Jerzy Łaniec codziennie, niezależnie od pogody ćwiczy na niewielkiej siłowni, która znajduje się na suwalskim osiedlu. A. Talarek
Przez blisko dziewięć godzin robił tzw. brzuszki, bez przerwy. I dzięki temu ustanowił rekord świata. Przepłynął też jezioro Wigry. Zajęło mu to pięć godzin i trzy kwadranse.

Choć ma już 65 lat, nadal intensywnie trenuje. Ćwiczy, biega i pływa. - Człowiek nie jest stworzony do tego, by leżał - uważa suwalczanin Jerzy Łaniec. - Trening integruje duszę i ciało. Dzięki temu wciąż jestem silny, zdrowy oraz zadowolony z życia. I nie zamieniłbym tego na żadne skarby.
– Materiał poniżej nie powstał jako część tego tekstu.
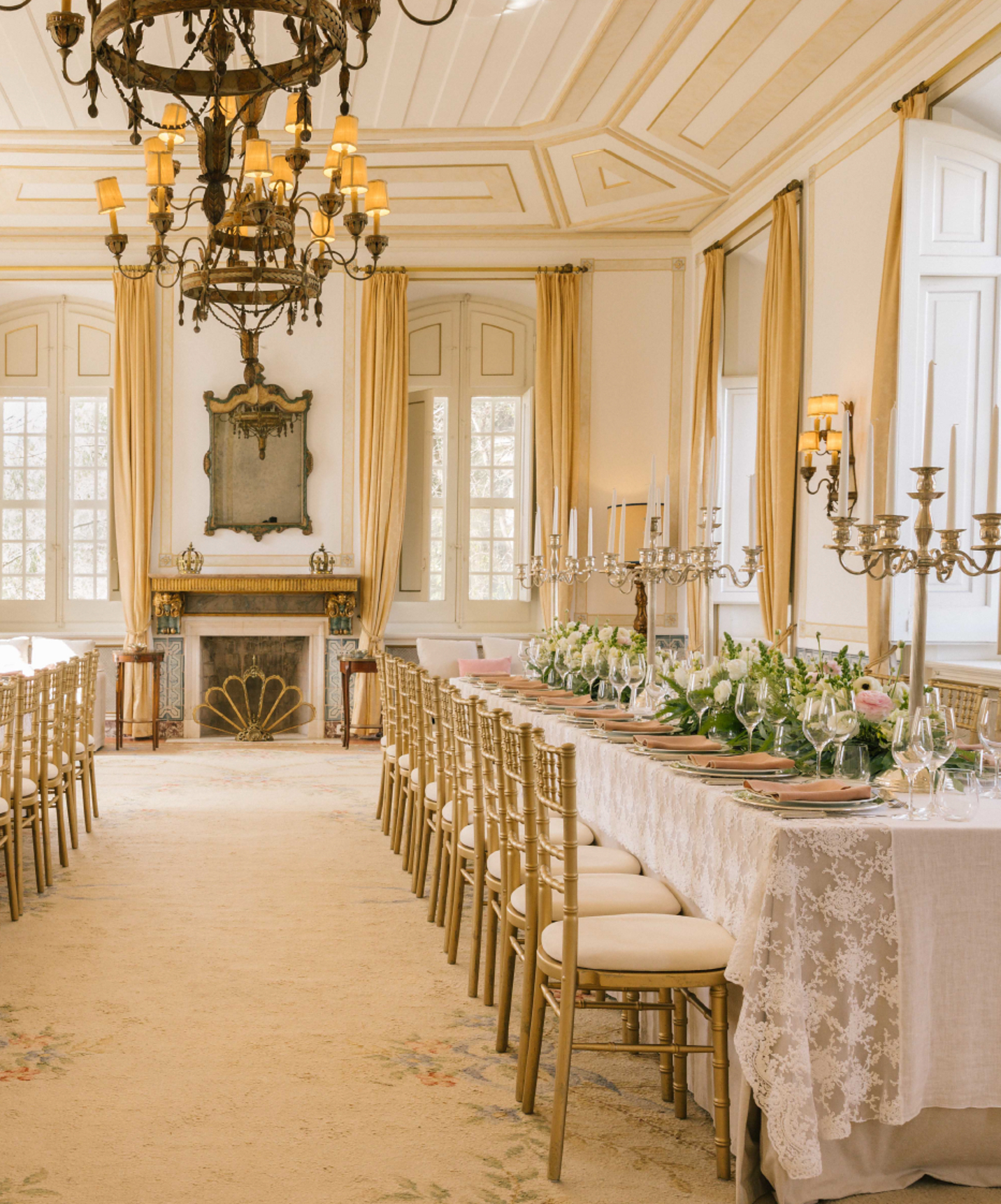 Espaço para eventos, num hotel histórico em Queluz, com duas mesas compridas e cadeiras, arranjos de mesas e copos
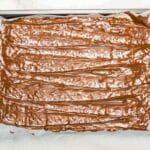 chocolate spread over hot toffee layer for reindeer Christmas toffee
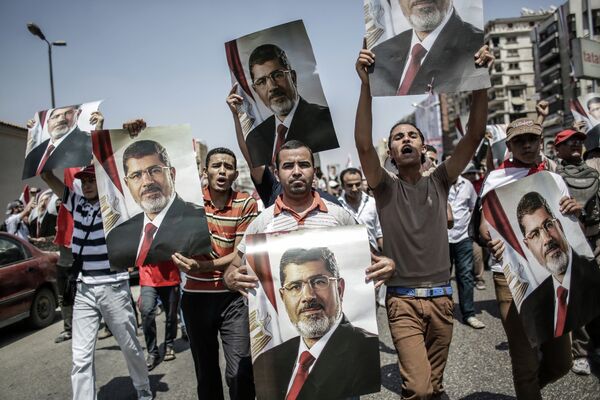 Mohamed Morsi supporters carry posters of the deposed leader as they march in Cairo Monday. - Sputnik International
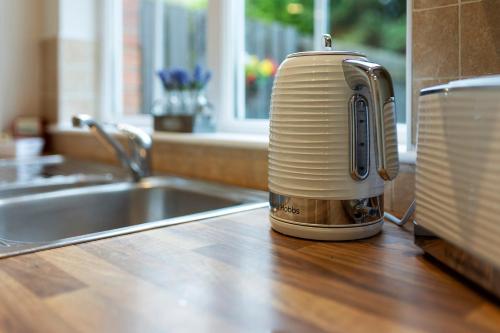 a toaster sitting on a kitchen counter next to a sink at Riverside Townhouse Antrim in Antrim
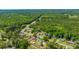 Extensive aerial view of a residential area set against a backdrop of a dense forest, showcasing a mix of homes at 565 Estates Dr, Walterboro, SC 29488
W przyszłym tygodniu Łaniec wyjeżdża do mieszkającej we Włoszech rodziny. Ale nie po to, by siedzieć tam na kraciastym kocyku, czy zwiedzać zabytki. Chce wziąć udział w traithlonie. I ma nadzieję, że nie stawi się na mecie ostatni. Pytanie, jak długo jeszcze zamierza trenować, zbywa uśmiechem.

- Nigdy się nie poddaję - mówi po chwili i, choć z nieba leje się 30-stopniowy żar, ćwiczy dalej.

Psuł opinię ojcu

Urodził się w Raczkach, ale dorósł i mieszka w Suwałkach. W centrum miasta, na jednym z tutejszych osiedli. Ojciec był komendantem milicji, matka - gospodynią domową.
- A ja zakałą rodziny - śmieje się rozmówca.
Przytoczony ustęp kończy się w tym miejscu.